▶ Raw data:
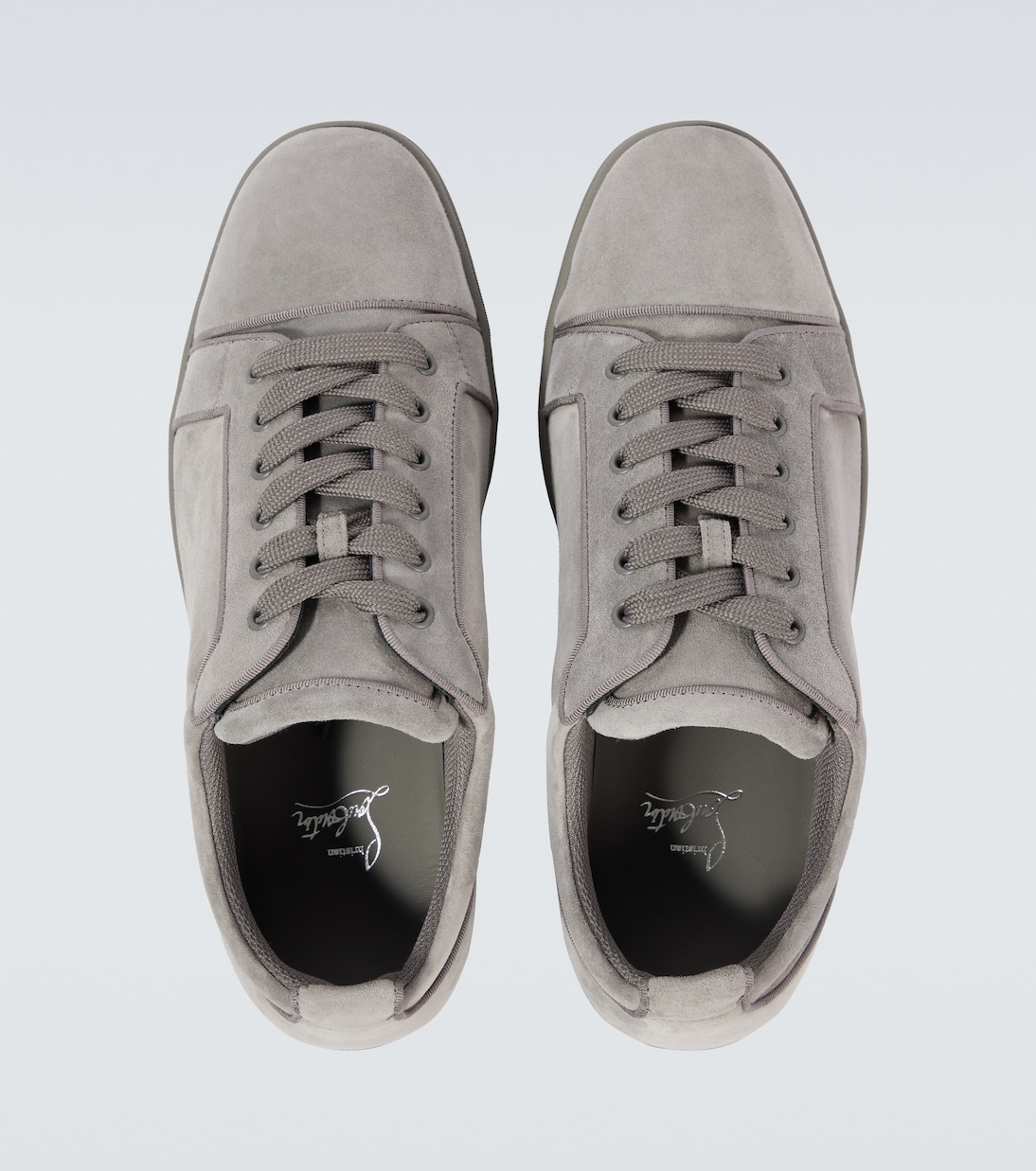 Baskets Louis Junior en daim | Christian Louboutin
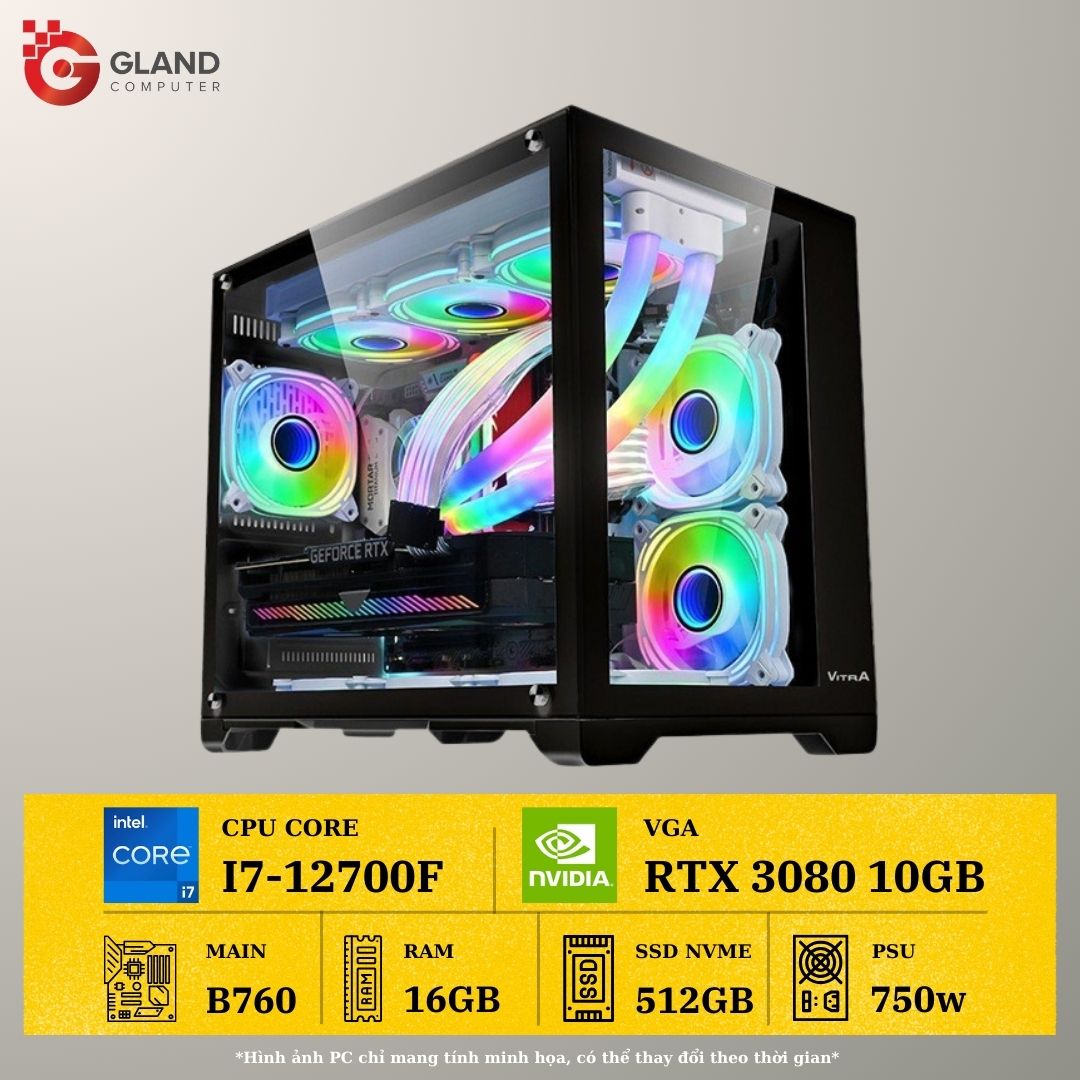 PC GAMING GLAND LION P8 I7 12700F - VGA RTX 3080 10GB
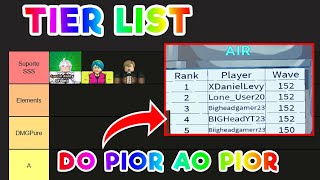 TIER LIST das UNITS quotLbsquot atuais OS MELHORES do ALL STAR TOWER DEFENSE [upl. by Nylodam]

▶ Directions: Please write out the entire listing above exactly, but leave the pictures out.

▶ Result for this task:
 Baskets Louis Junior en daim | Christian Louboutin
 PC GAMING GLAND LION P8 I7 12700F - VGA RTX 3080 10GB
 TIER LIST das UNITS quotLbsquot atuais OS MELHORES do ALL STAR TOWER DEFENSE [upl. by Nylodam]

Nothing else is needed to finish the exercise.